* [RFC PATCH] arm64: lse: use register variables instead of -ffixed, -fcall flags
@ 2018-08-10 2:07 Tri Vo
2018-08-10 9:46 ` Will Deacon
0 siblings, 1 reply; 4+ messages in thread
From: Tri Vo @ 2018-08-10 2:07 UTC (permalink / raw)
To: linux-arm-kernel
-ffixed, -fcall-used, -fcall-saved flags are used to build LL/SC
fallback atomic implementations in such a way that:
1. LSE implementations only assume x16, x17, x30 to be clobbered by a
function call to LL/SC fallbacks.
2. LL/SC fallbacks are responsible for saving/restoring the rest of the
GPRs.
3. LL/SC fallbacks always prefer to allocate in x16, x17 since there is
no need to save/restore them.
Same result can be achieved without -ffixed, -fcall-used, -fcall-saved
flags by explicitly telling the compiler where to allocate each variable
in LL/SC atomic implementations. This patch makes all functions use x16,
x17 registers. 'fetch' variants of the functions need one more scratch
register, so we allocate one from the PCS's set of callee-saved
registers (in this case x19).
With this patch:
1. the desired register allocation is reflected in the code rather than
in compiler flags.
2. LSE atomic support can be built with both clang and gcc.
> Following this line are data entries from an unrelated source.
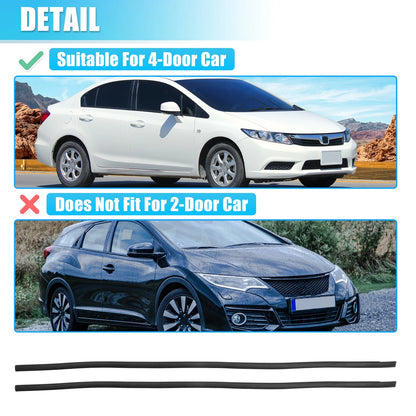 Car Sealing Strips for Honda Civic (2012-2015)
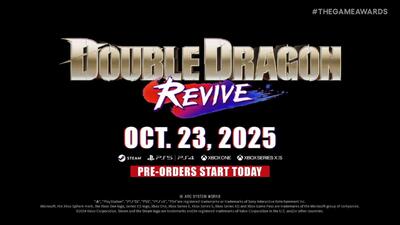 تاریخ انتشار بازی Double Dragon Revive اعلام شد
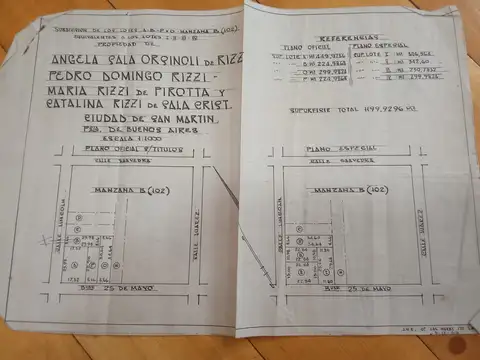 Oficina en Venta 40 años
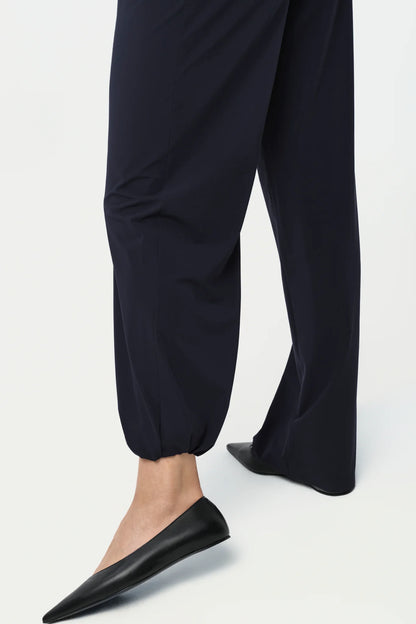LISCIA Stretch Pants deep navy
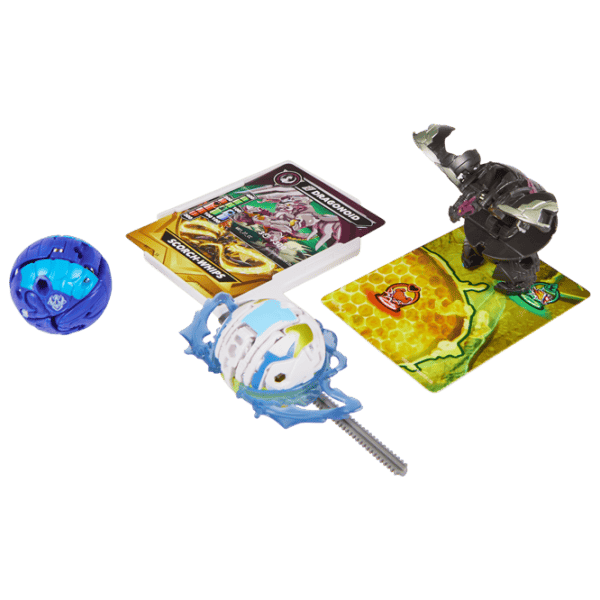 Фигурки Spin Master Bakugan Legends Starter Pack 3+ / Разноцветный photo 2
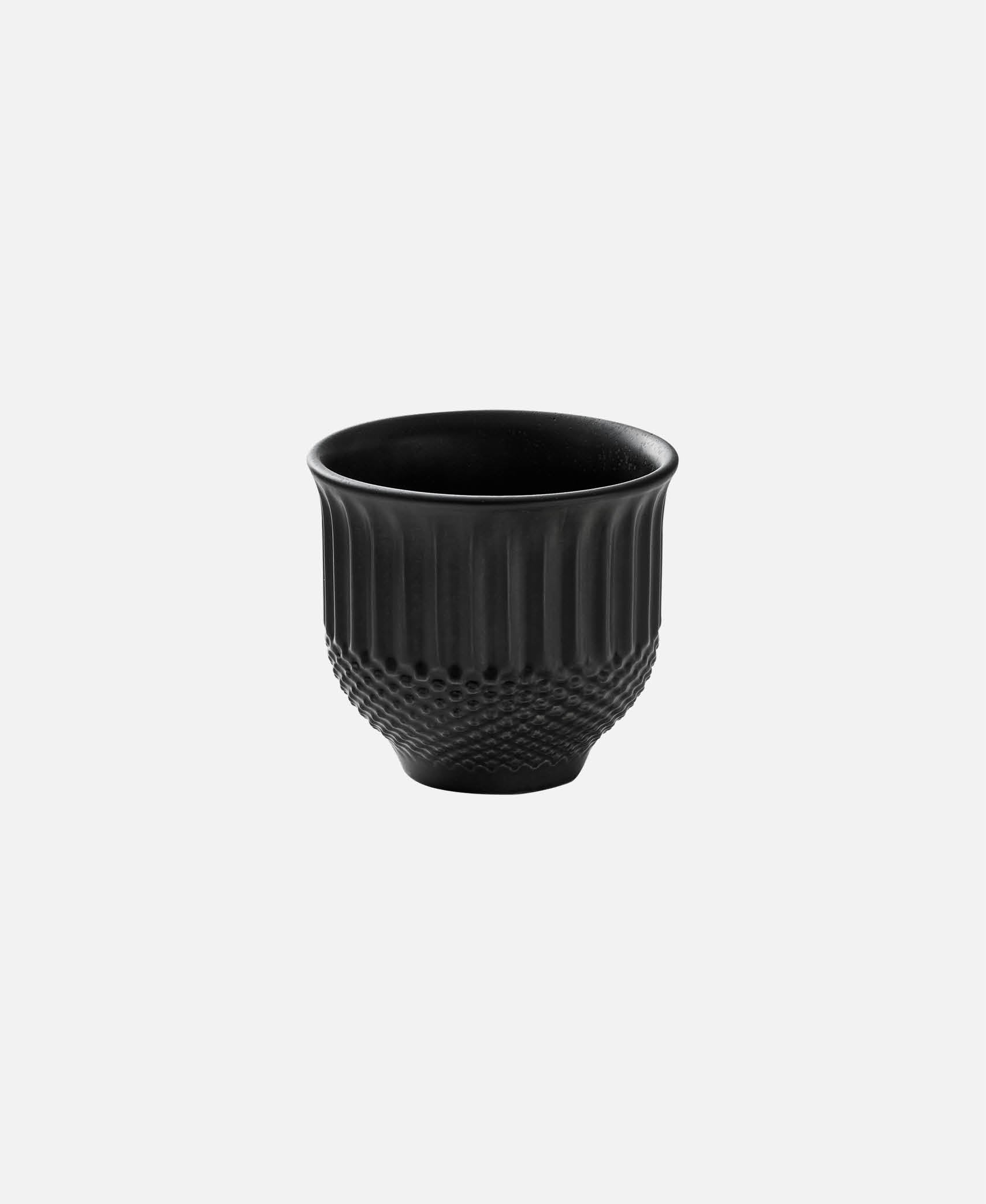 Taza Mug c/ relieve Pine - Coal
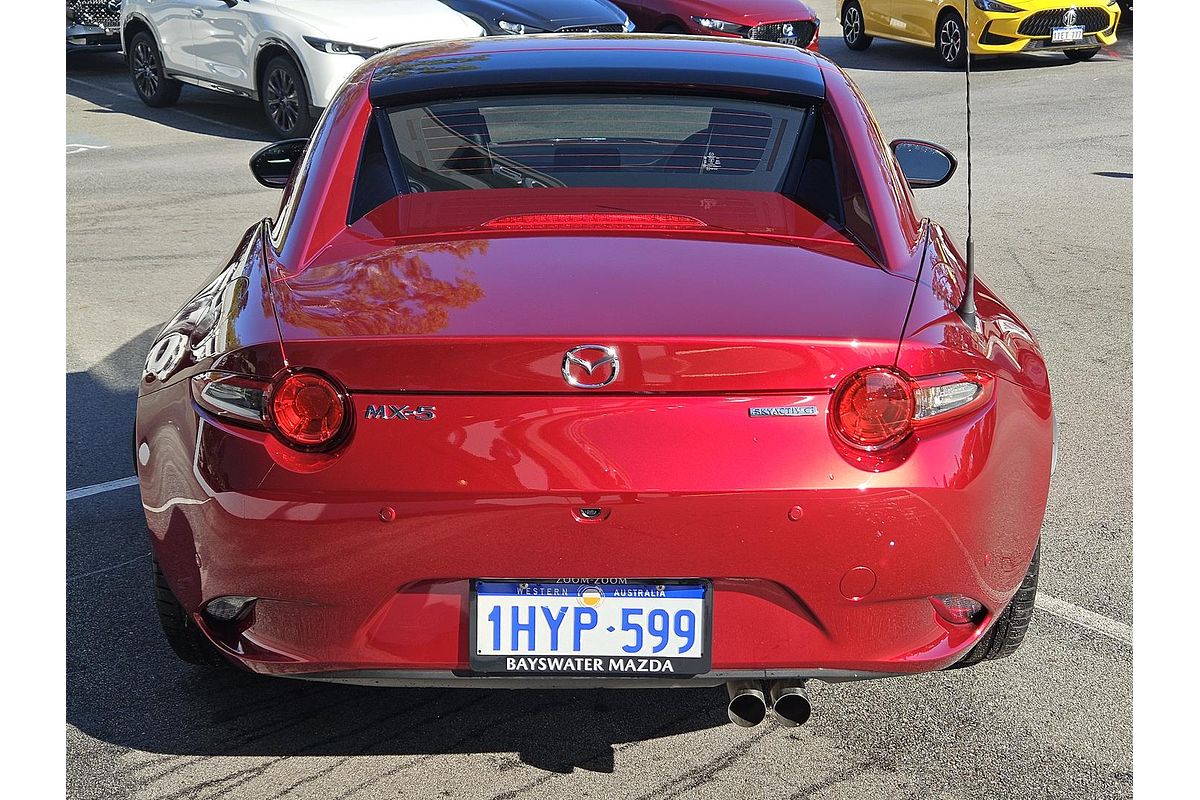 2022 Mazda MX-5 GT RS ND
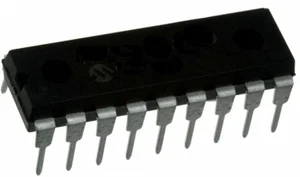 Microchip DSPIC33FJ06GS001-I-P DSC 40 MIPS, 6KB Flash, 256 Bytes RAM, SMPS, 18-PDIP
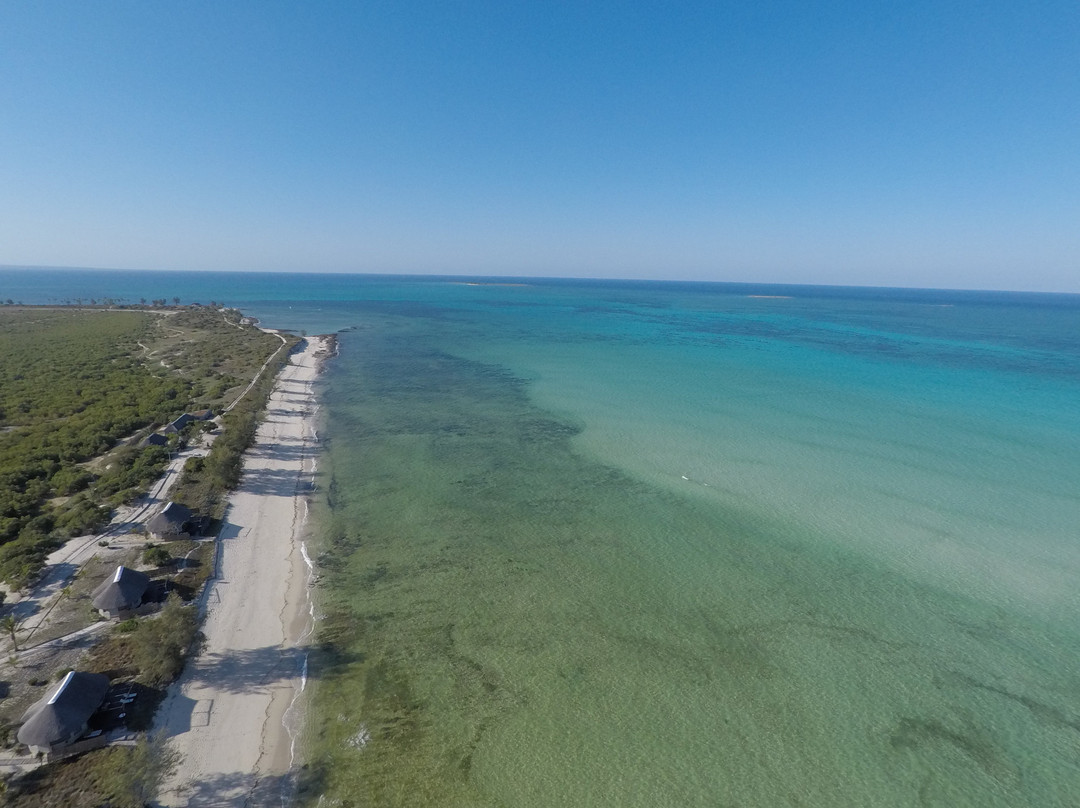 Coral Lodge Mozambique主图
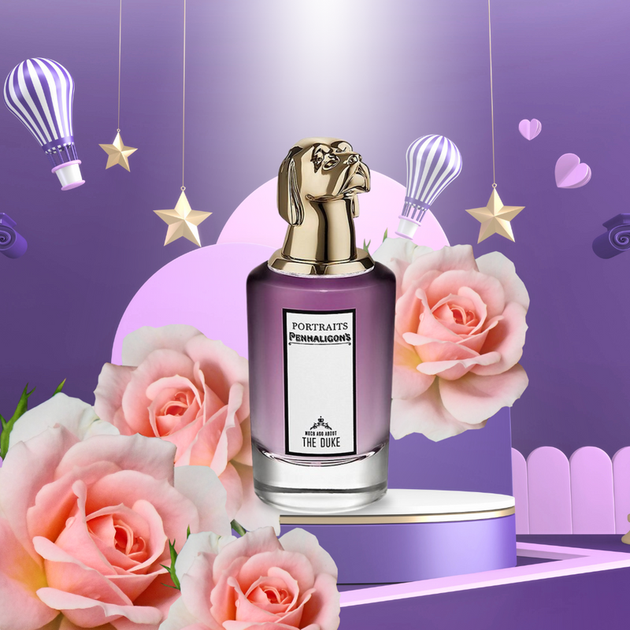 Парфюмированная вода для мужчин Penhaligon's Much Ado About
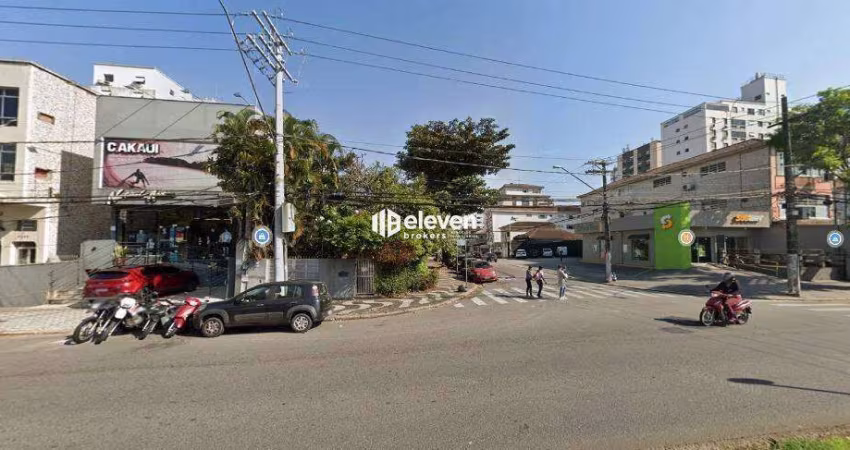 Terreno Venda – 272m² | Esquina Positiva | Embaré | – Santos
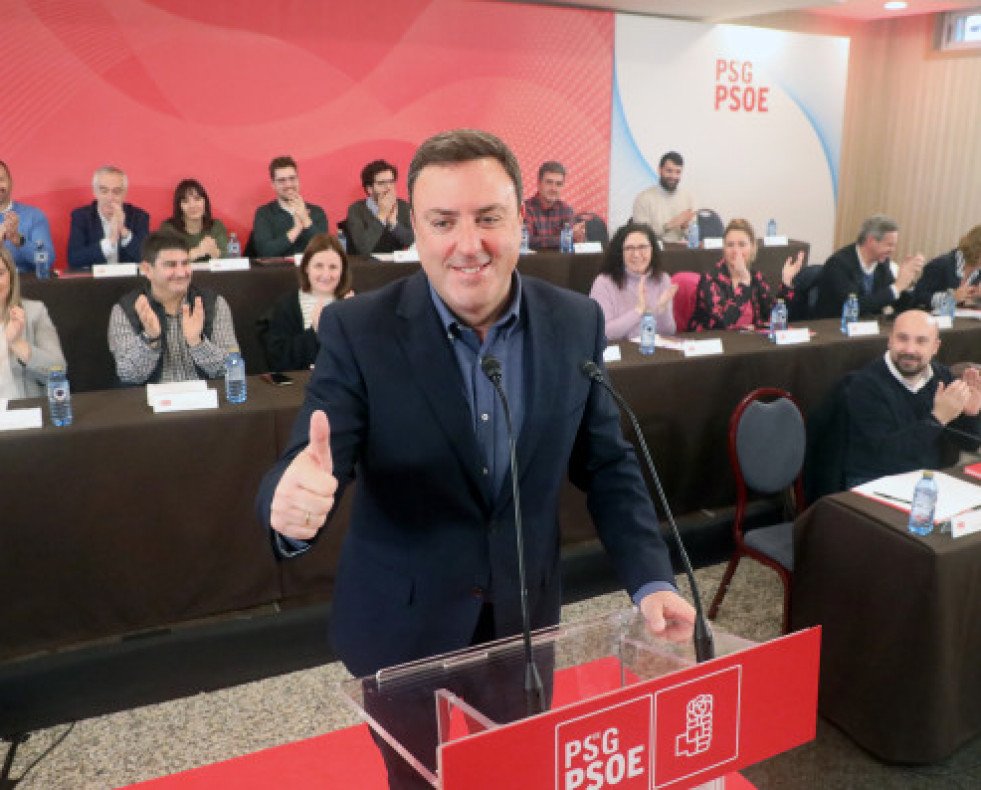 ElsecretariogeneraldelPSdeGValentnGonzlezFormososonredurantesuintervencinestesbadoenelComitNacionalG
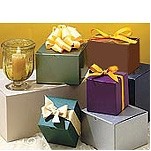 Special Order Fancy Color 1 Piece Gift Box (12"x5 1/2"x6")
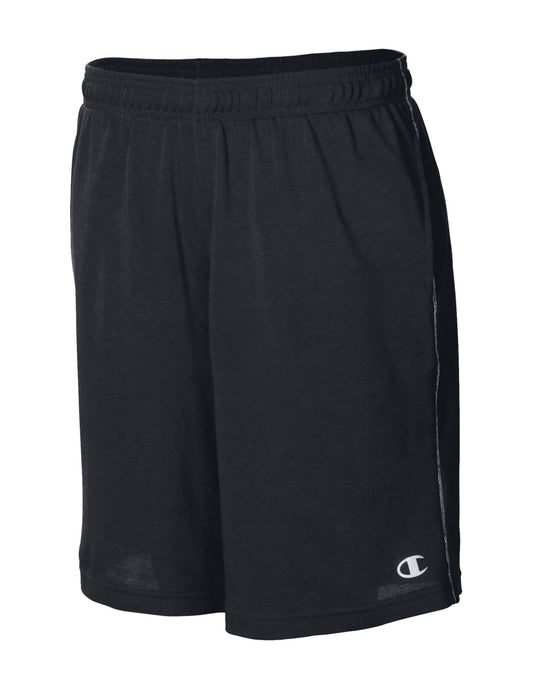 Champion Double Dry® Cotton-Blend Men's Athletic Shorts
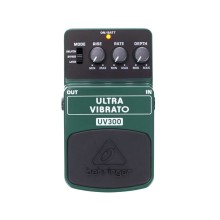 قیمت خرید فروش افکت گیتار الکتریک بهرینگر Behringer UV300 Ultra Vibrato Pedal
3. Number of preserved registers in LL/SC fallbacks is unchanged.
The tradeoff is that the compiler loses flexibility in allocating
registers for inline LL/SC atomic implementations.
Signed-off-by: Tri Vo <trong@android.com>
---
arch/arm64/include/asm/atomic_ll_sc.h | 46 +++++++++++++++------------
arch/arm64/lib/Makefile | 12 -------
2 files changed, 25 insertions(+), 33 deletions(-)
diff --git a/arch/arm64/include/asm/atomic_ll_sc.h b/arch/arm64/include/asm/atomic_ll_sc.h
index f819fdcff1ac..24bc00212568 100644
--- a/arch/arm64/include/asm/atomic_ll_sc.h
+++ b/arch/arm64/include/asm/atomic_ll_sc.h
@@ -30,19 +30,19 @@
* store exclusive to ensure that these are atomic. We may loop
* to ensure that the update happens.
*
- * NOTE: these functions do *not* follow the PCS and must explicitly
- * save any clobbered registers other than x0 (regardless of return
- * value). This is achieved through -fcall-saved-* compiler flags for
- * this file, which unfortunately don't work on a per-function basis
- * (the optimize attribute silently ignores these options).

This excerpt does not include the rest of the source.